Why you must have an independent trustee on your family trust

22 November 2022 382
A question often asked by clients is “why must I have an independent trustee on my family trust?” In this article we unpack the reasons for this and how this works.”

A family trust is a trust where the trustees are beneficiaries of the trust and the beneficiaries are related to each other. It has become common practice to use such a family trust created during the life of the trust founders as a tool for asset protection and estate planning for the family.

That said, problems can arise when all the trustees of a family trust are related to one another and are also all beneficiaries of the trust. Such inadequate separation between the estate of the trust founder(s) who are also usually the trustees and beneficiaries, can result in the trust being seen as merely an extension of the estate of the trust founder(s). 

Accordingly, and although not required by the Trust Property Control Act 57 of 1988 (“Trust Property Control Act”), the Chief Master of the High Court in a directive issued on 6 March 2017, made it a requirement for all Masters offices across South Africa to consider appointing an independent trustee on all family trusts. 

This requirement by the Master relating to the appointment of an independent trustee in family trusts resulted from observations of the Supreme Court of Appeal in the case of Land and Agricultural Bank of South Africa v Parker and Others, where the court held that all family trusts were open to abuse in the sense that the control of the trust resides entirely with beneficiaries who, in their capacity as trustees, have little or no independent interest in ensuring that transactions are validly concluded and that their conduct is unlikely to be scrutinised by the beneficiaries. The court therefore suggested that the Master of the High Court should ensure separation of control over and enjoyment of the assets of a trust by insisting on the appointment of an independent trustee to ensure that the trust functions properly, that the trust deed is followed and that there is oversight over the conduct of trustees.

An independent trustee is not required to be a professional person, but should be a person who fully realises the responsibilities he/she is accepting when agreeing to act as a trustee. He/she must also be qualified in the view of the Master of the High Court to act as a trustee. The less an independent trustee is related to the other trustees, the more independent he/she is seen in the eyes of creditors and SARS. In addition, spouses in divorce proceedings, trust creditors and SARS may also attempt to attack the trust by labelling such as an alter ego trust. The appointment of an independent trustee can help mitigate this risk.

Accordingly, should you be considering a family trust, it is important to include a provision for nominating and electing an independent trustee in the trust deed itself, so that the founder has input in deciding on the person who will be exercising this oversight or how the decision by the other trustees will be made.

Be sure to discuss this with your commercial advisor, including options for the appointment of an experienced independent trustee to your trust that is capable of fulfilling the important role of independent trustee on your trust. 

Disclaimer: This article is the personal opinion/view of the author(s) and is not necessarily that of the firm.

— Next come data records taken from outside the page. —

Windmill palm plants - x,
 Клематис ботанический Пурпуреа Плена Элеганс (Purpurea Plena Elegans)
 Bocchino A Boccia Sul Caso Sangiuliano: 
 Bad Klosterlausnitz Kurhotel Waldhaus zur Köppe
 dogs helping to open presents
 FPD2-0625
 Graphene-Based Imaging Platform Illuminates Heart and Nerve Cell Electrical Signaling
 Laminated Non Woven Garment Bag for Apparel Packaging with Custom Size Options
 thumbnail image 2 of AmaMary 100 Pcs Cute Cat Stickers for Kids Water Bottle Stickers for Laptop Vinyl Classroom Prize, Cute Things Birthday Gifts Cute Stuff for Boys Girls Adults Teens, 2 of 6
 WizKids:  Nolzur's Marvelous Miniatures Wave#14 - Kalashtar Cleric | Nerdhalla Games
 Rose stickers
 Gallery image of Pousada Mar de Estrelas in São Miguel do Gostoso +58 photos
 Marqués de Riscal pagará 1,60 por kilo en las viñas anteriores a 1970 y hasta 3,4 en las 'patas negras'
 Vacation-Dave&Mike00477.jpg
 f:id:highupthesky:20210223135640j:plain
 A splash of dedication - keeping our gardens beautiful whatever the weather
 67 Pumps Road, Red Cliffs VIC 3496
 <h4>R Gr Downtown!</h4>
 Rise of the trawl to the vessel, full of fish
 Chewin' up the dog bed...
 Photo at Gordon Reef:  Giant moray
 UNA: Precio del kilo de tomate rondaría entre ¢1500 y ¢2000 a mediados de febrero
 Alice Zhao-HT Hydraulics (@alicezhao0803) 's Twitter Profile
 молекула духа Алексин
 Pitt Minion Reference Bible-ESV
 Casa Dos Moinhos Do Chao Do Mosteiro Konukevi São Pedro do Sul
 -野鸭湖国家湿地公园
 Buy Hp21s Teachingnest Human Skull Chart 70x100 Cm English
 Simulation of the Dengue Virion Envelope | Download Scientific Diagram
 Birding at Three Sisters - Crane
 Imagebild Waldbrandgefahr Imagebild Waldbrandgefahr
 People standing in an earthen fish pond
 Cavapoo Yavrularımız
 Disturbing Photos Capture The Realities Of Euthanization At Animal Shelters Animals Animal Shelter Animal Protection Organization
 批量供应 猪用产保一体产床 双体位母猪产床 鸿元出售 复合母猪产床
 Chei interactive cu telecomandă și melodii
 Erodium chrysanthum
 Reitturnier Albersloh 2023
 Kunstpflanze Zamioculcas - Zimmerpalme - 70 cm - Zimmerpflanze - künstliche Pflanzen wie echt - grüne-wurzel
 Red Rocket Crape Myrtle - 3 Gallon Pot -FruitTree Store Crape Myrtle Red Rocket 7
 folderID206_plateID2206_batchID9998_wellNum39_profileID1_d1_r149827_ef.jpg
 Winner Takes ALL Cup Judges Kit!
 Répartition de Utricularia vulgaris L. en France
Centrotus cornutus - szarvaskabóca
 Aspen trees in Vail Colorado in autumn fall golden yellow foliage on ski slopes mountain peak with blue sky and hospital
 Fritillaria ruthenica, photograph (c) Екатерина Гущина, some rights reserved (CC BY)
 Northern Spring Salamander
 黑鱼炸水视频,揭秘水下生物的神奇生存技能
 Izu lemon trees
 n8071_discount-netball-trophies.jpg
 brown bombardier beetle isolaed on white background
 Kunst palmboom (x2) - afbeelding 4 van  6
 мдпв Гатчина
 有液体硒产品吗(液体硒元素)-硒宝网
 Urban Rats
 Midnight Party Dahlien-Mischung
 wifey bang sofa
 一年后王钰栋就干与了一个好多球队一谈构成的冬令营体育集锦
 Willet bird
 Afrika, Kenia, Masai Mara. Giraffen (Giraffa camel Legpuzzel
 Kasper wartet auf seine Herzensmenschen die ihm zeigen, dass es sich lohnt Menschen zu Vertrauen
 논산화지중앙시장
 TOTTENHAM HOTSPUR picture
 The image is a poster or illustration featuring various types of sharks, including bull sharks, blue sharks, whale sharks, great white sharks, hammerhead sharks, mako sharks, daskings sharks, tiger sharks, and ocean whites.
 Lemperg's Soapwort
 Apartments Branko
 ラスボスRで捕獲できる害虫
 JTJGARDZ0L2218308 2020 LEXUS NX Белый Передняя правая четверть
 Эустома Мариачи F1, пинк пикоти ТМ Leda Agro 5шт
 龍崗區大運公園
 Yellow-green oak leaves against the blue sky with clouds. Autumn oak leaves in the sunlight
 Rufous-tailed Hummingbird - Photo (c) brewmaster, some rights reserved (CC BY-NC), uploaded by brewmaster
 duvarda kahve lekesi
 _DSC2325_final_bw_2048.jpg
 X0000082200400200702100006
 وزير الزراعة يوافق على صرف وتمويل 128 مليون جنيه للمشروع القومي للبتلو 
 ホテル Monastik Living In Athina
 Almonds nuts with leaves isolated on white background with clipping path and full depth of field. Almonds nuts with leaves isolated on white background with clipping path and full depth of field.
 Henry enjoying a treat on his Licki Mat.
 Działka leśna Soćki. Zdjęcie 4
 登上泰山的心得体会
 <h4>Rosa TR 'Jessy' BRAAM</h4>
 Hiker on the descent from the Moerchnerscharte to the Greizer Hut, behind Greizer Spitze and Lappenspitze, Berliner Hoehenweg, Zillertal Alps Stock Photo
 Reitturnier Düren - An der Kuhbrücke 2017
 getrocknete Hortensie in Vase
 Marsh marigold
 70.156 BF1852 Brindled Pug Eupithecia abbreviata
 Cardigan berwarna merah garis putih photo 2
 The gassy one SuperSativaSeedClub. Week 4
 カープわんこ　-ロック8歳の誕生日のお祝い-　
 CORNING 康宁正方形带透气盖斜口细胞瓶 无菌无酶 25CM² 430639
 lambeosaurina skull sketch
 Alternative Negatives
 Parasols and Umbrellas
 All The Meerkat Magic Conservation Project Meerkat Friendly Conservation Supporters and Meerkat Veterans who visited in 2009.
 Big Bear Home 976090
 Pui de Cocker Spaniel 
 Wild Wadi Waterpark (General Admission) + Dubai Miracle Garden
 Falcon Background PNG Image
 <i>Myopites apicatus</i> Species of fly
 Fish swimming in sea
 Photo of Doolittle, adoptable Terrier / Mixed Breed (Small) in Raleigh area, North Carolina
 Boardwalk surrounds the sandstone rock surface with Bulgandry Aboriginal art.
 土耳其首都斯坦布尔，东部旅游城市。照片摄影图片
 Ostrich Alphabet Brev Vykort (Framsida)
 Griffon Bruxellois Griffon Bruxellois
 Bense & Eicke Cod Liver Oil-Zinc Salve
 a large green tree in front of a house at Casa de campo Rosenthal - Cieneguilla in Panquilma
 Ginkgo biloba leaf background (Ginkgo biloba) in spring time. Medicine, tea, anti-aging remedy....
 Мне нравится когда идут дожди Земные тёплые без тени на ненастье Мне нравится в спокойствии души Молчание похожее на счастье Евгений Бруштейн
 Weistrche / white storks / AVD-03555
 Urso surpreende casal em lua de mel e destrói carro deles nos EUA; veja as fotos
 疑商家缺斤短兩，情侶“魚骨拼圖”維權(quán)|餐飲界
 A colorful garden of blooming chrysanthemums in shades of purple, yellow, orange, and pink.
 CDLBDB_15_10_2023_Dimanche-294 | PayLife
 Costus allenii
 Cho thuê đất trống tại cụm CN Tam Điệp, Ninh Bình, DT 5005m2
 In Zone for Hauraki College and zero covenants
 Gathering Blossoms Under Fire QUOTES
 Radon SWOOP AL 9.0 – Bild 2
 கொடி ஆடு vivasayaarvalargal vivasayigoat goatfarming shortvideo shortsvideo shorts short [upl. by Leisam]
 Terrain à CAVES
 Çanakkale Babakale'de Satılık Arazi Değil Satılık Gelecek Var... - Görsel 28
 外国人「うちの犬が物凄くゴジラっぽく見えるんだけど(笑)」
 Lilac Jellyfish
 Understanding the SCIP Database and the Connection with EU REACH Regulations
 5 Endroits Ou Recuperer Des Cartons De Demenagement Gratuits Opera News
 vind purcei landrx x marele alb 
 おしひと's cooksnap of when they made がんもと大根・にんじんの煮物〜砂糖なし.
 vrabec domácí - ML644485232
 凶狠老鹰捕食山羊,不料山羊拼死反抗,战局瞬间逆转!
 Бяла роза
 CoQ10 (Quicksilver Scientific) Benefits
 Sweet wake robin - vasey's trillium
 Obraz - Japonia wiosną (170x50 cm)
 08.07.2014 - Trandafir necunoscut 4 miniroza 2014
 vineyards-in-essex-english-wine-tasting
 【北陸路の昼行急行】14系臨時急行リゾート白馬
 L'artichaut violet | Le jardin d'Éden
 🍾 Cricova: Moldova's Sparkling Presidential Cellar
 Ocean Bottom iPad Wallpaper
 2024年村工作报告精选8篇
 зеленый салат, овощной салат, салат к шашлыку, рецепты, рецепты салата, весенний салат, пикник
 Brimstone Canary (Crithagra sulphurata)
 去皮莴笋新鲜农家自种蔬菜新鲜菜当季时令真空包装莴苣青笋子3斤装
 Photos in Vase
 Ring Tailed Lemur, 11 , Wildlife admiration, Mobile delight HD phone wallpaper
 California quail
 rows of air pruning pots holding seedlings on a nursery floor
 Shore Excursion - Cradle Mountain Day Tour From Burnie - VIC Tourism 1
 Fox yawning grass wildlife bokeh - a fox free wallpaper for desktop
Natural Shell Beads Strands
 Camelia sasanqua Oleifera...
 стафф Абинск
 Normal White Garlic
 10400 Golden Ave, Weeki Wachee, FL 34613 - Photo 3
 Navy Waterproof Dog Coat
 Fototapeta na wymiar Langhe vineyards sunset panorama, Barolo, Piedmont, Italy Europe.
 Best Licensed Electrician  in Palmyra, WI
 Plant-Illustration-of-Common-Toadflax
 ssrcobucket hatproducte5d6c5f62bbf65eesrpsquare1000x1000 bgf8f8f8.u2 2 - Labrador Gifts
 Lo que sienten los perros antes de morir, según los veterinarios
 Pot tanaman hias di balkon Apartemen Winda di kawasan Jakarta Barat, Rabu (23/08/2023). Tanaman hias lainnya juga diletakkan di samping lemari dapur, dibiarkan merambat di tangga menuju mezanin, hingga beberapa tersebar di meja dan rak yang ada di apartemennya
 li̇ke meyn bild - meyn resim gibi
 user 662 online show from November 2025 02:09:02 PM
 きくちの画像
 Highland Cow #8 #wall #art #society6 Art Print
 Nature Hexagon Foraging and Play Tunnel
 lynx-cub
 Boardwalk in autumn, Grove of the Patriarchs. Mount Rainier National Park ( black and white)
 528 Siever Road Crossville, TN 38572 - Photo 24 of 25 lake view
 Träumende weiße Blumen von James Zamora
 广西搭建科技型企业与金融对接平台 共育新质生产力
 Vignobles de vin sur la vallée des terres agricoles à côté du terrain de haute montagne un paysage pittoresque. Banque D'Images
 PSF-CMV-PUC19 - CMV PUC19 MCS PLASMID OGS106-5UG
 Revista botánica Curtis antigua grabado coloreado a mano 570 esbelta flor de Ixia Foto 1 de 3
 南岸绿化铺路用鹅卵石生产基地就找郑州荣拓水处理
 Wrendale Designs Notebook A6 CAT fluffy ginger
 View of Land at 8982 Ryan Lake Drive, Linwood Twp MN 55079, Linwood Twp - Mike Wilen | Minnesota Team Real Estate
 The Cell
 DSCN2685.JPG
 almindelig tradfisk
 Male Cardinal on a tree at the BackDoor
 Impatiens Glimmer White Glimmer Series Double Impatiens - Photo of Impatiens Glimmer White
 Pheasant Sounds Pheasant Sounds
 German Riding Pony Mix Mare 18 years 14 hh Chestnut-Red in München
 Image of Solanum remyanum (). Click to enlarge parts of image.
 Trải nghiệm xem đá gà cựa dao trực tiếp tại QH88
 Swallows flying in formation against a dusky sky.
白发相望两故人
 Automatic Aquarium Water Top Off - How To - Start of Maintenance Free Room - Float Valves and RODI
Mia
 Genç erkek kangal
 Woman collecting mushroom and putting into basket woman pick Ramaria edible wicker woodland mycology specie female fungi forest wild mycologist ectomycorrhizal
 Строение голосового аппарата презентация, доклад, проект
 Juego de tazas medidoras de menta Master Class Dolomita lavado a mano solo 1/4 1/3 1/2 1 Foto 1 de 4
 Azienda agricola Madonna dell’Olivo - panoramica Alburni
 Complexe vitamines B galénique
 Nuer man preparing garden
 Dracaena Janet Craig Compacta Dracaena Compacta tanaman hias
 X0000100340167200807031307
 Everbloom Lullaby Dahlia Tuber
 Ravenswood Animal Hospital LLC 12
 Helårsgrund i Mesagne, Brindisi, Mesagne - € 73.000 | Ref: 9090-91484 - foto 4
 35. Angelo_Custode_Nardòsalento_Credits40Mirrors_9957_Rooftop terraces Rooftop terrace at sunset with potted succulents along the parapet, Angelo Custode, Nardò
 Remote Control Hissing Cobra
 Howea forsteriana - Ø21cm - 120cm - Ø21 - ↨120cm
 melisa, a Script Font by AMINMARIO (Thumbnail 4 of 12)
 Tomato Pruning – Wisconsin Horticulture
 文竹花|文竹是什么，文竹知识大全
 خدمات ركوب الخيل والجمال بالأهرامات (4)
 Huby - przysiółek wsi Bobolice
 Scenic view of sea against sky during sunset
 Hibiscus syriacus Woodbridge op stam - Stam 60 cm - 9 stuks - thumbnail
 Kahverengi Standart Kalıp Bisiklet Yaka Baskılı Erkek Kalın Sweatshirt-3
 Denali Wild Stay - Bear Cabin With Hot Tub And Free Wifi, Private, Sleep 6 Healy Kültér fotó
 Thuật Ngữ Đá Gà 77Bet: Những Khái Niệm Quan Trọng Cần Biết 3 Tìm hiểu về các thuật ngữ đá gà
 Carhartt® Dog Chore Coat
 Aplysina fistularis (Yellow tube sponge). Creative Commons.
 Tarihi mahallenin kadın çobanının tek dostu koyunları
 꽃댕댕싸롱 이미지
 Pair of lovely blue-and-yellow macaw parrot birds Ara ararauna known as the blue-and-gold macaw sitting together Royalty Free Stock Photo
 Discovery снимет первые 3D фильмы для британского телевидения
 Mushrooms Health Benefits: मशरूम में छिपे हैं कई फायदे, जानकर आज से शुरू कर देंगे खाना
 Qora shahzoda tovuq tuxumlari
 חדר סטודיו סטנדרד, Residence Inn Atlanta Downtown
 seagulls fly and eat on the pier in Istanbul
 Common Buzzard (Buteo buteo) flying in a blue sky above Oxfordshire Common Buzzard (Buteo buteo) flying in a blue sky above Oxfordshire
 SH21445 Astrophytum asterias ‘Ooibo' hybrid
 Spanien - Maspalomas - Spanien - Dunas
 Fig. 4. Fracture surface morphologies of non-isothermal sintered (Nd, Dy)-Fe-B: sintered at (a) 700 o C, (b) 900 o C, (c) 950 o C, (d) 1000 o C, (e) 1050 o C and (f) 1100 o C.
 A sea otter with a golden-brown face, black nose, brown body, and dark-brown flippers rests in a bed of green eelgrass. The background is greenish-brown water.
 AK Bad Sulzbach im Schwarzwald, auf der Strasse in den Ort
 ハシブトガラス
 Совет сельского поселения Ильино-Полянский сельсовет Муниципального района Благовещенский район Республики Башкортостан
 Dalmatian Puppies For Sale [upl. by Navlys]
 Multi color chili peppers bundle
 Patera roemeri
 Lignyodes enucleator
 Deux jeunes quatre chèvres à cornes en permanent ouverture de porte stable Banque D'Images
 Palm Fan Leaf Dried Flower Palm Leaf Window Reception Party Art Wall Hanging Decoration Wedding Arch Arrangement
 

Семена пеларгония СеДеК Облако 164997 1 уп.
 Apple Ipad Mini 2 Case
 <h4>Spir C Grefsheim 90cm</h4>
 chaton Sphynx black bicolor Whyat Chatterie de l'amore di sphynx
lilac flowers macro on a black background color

The content is provided for information only and should not be seen as an exact or complete exposition of the law. Accordingly, no reliance should be placed on the content for any reason whatsoever and no action should be taken on the basis thereof unless its application and accuracy has been confirmed by a legal advisor. The firm and author(s) cannot be held liable for any prejudice or damage resulting from action taken on the basis of this content without further written confirmation by the author(s).